The future of this technology is promising due to its easy user interface, yet advanced technical analysis. A definitive advantage is the simplicity of the design: it is compact and easy to carry, set up, and use. The light-blocking shroud is very effective at blocking light pollution, and the AI analysis provides remarkably accurate information that is continually improving due to the nature of machine learning algorithms. It is accessible not only to the scientific and research communities but to the general population as well. This study’s iterative approach to testing and technology development contributed to a commercially available model of the prototype called the Saturna Imaging System.
Citizen science is a critical factor in the fight against plastic pollution, and this technology could find many opportunities in local communities, municipalities, schools, and academic institutions. Elementary, secondary, and undergraduate schools could generate extensive information on plastic pollution by utilizing technologies like this in their everyday science and laboratory classes. Data collection is critical in understanding the severity of the plastic pollution problem, and the data generated with this technology could contribute immensely to MP information databases, minimizing the knowledge gaps in the field. Experimentation done with the beta prototype can help determine the occurrence and quantities of MPs in many areas and regions that have not yet been researched or provide further intel on areas of focus. Characterizing the pollution (i.e., the MPs) in the environment is the first step to mitigating MP pollution since the transport, fate, and, ultimately, its source may be gleaned from the analysis.
There is a huge knowledge gap in the occurrence and quantification of MP pollution in local environments, and simple, accurate, and inexpensive instruments are needed to fill this knowledge gap with the support of scientists and the broader public.

5. Conclusions

The beta prototype tested in this study showed excellent potential in MP analysis, particularly for those that are larger than 0.5 mm and with lighter colours. It is simple to use and provides advanced information for the user. Its machine learning algorithm and high detection accuracies of 90% and 88% (untreated MPs) and 77% (treated MPs) make this technology very valuable to the scientific community and general population alike. Its potential contribution to MP information databases, specifically relating to occurrence and quantification, could be significant to minimizing the knowledge gaps in the field and creating a global roadmap of MP pollution sinks and, ultimately, MP sources.

Author Contributions

Conceptualization, B.Ö. and K.B.; Methodology, B.Ö. and K.B.; Software, K.B.; Validation, K.B.; Formal Analysis, K.B.; Investigation, K.B.; Resources, B.Ö.; Data Curation, K.B.; Writing—Original Draft Preparation, K.B.; Writing—Review & Editing, B.Ö. and K.B.; Visualization, K.B.; Supervision, B.Ö.; Project Administration, B.Ö.; Funding Acquisition, B.Ö. All authors have read and agreed to the published version of the manuscript.

Funding

This study was funded by Environment and Climate Change Canada under the Zero Plastic Waste Initiative funding (GCXE21E017) awarded to Prof. Banu Ormeci.

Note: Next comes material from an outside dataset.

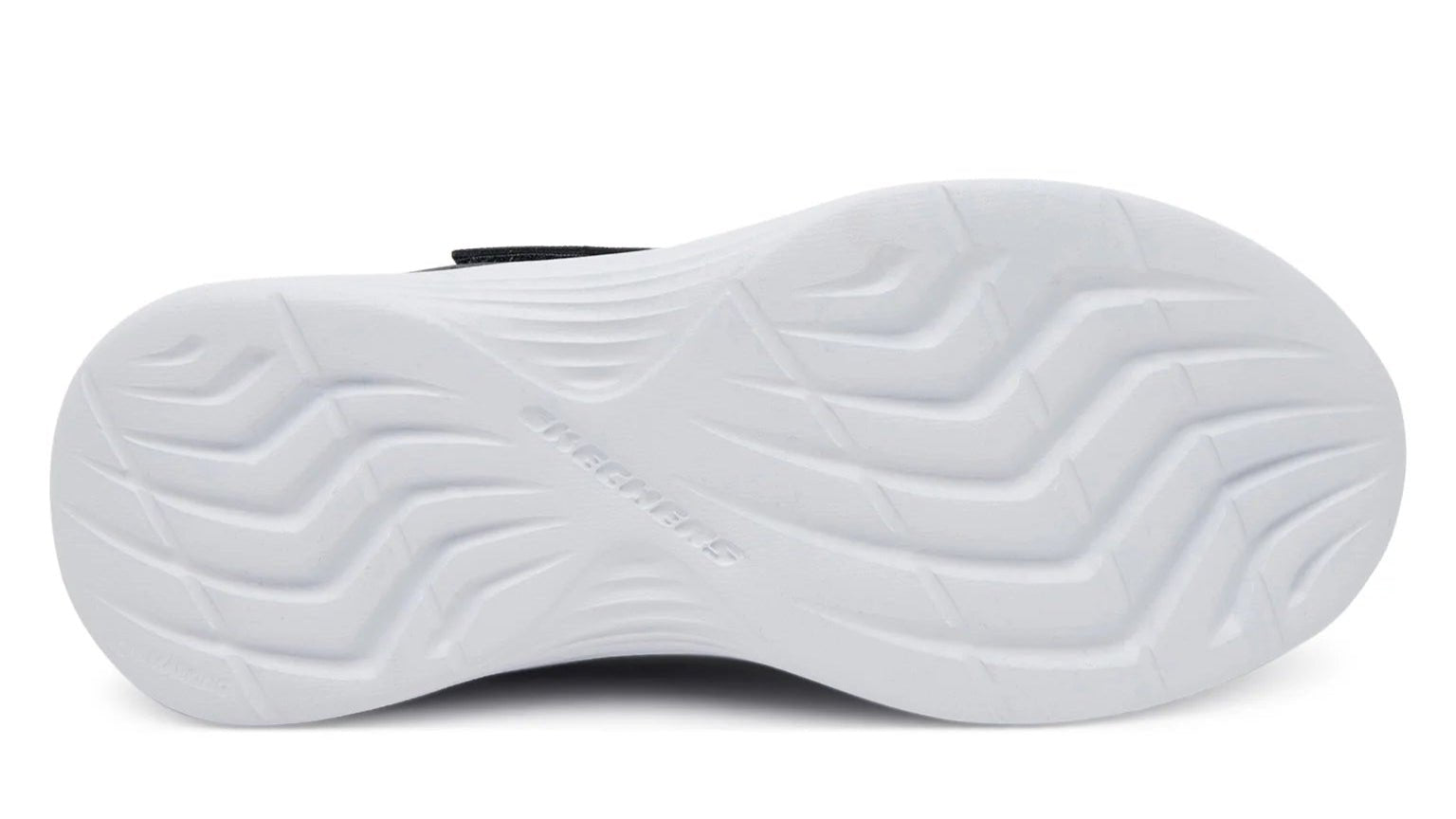 SKECHERS Selectors - Reset Achieved - Footcourt Egypt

Data Availability Statement

The data presented in this study is available on request from the corresponding author.

Acknowledgments

The authors thank Ocean Diagnostics for loaning the beta prototype during the testing period and providing valuable insight into the development of the AI software. An updated version of the technology called Saturna Imaging System is now commercially available.

Conflicts of Interest

The authors declare no conflicts of interest.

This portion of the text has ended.